Il faudrait voir du coté des fichiers .plist, par exemple, un fichier pouvant être corrompu.
Tu pourrais aussi reconstruire tes BàL, au cas où


----------



## sylvanhus (22 Septembre 2012)

Sly54 a dit:


> Je comprends ton pb et ma réponse n'aidait guère
> 
> Il faudrait voir du coté des fichiers .plist, par exemple, un fichier pouvant être corrompu.
> Tu pourrais aussi reconstruire tes BàL, au cas où





Super je vais essayer, par contre comment vois pour le fichier .plist et comment y remédier ?

Reconstruire ma boite aux lettres, ça je sais faire, mais sinon...


----------



## Sly54 (22 Septembre 2012)

sylvanhus a dit:


> Super je vais essayer, par contre comment vois pour le fichier .plist et comment y remédier ?


Les fichiers .plist sont dans "ta petite maison" / bibliothèque (touche alt enfoncée, menu _Aller_ du Finder pour la faire apparaitre) / Mail

Essayer de sortir un fichier, le mettre sur le bureau, relancer Mail. Si le pb est tjs là, remettre le fichier à sa place en écrasant le nouveau fichier que Mail vient de créer.

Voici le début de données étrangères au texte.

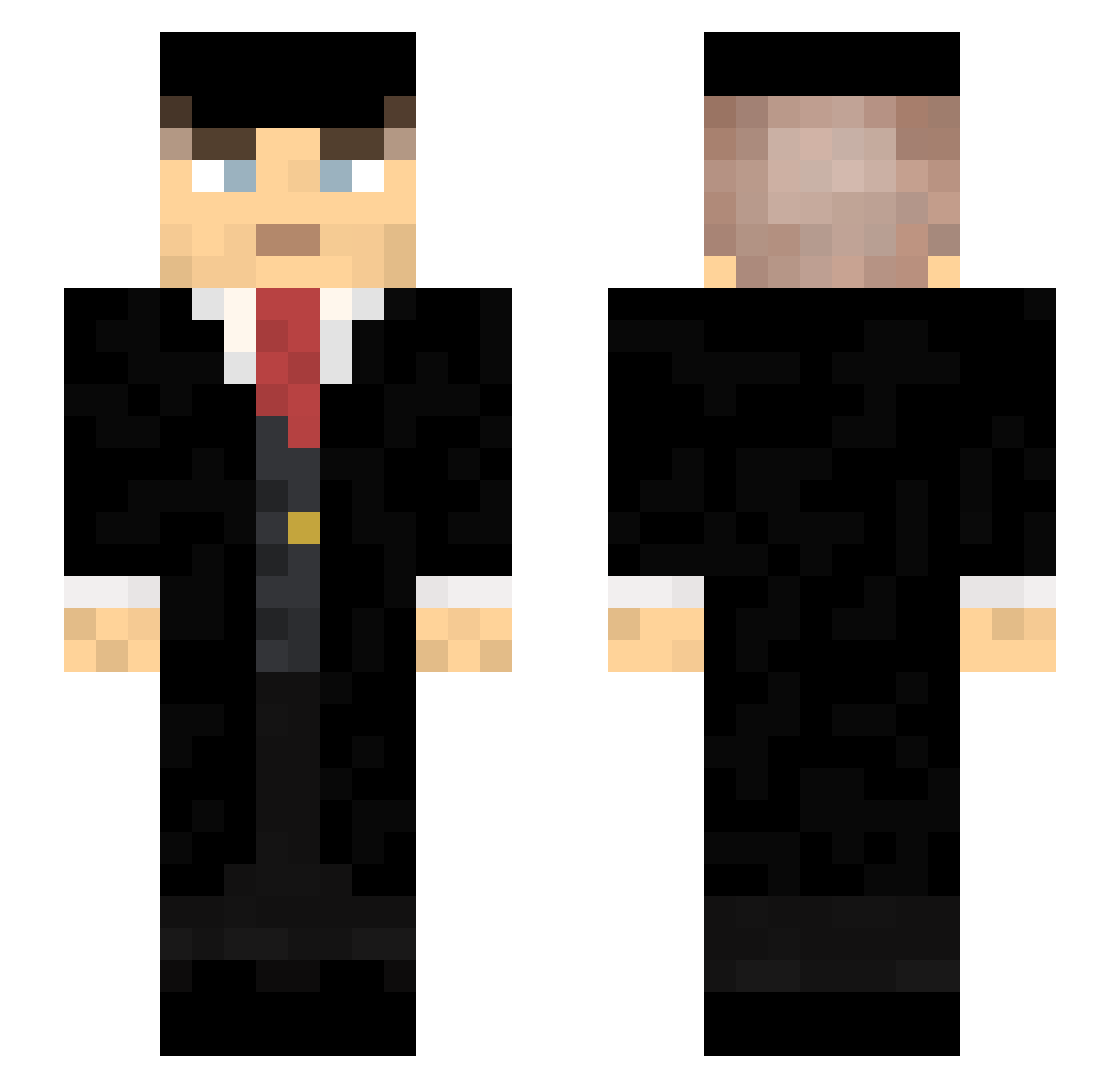 CreativeBee Minecraft skin, front and back view
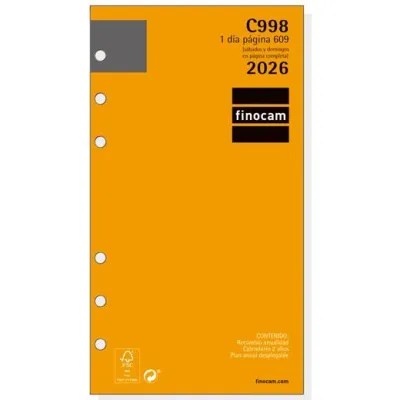 Finocam Recambio Anual Agenda De Anillas Classic C998 609-94X171mm 1DP 2026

Tu peux aussi déplacer le fichier "Envelope Index" sur le bureau (il est dans "ta petite maison" / bibliothèque / Mail / V2 / MailData) et relancer Mail.


----------



## sylvanhus (23 Septembre 2012)

Sly54 a dit:


> Les fichiers .plist sont dans "ta petite maison" / bibliothèque (touche alt enfoncée, menu _Aller_ du Finder pour la faire apparaitre) / Mail
> 
> Essayer de sortir un fichier, le mettre sur le bureau, relancer Mail. Si le pb est tjs là, remettre le fichier à sa place en écrasant le nouveau fichier que Mail vient de créer.
> 
> Tu peux aussi déplacer le fichier "Envelope Index" sur le bureau (il est dans "ta petite maison" / bibliothèque / Mail / V2 / MailData) et relancer Mail.





Super merci beaucoup !

Je vais essayer ça et je reviendrais te dire si ça a résolu mon soucis 

Merci encore


----------



## sylvanhus (25 Septembre 2012)

Sly54 a dit:


> Les fichiers .plist sont dans "ta petite maison" / bibliothèque (touche alt enfoncée, menu _Aller_ du Finder pour la faire apparaitre) / Mail
> 
> Essayer de sortir un fichier, le mettre sur le bureau, relancer Mail. Si le pb est tjs là, remettre le fichier à sa place en écrasant le nouveau fichier que Mail vient de créer.
> 
> Tu peux aussi déplacer le fichier "Envelope Index" sur le bureau (il est dans "ta petite maison" / bibliothèque / Mail / V2 / MailData) et relancer Mail.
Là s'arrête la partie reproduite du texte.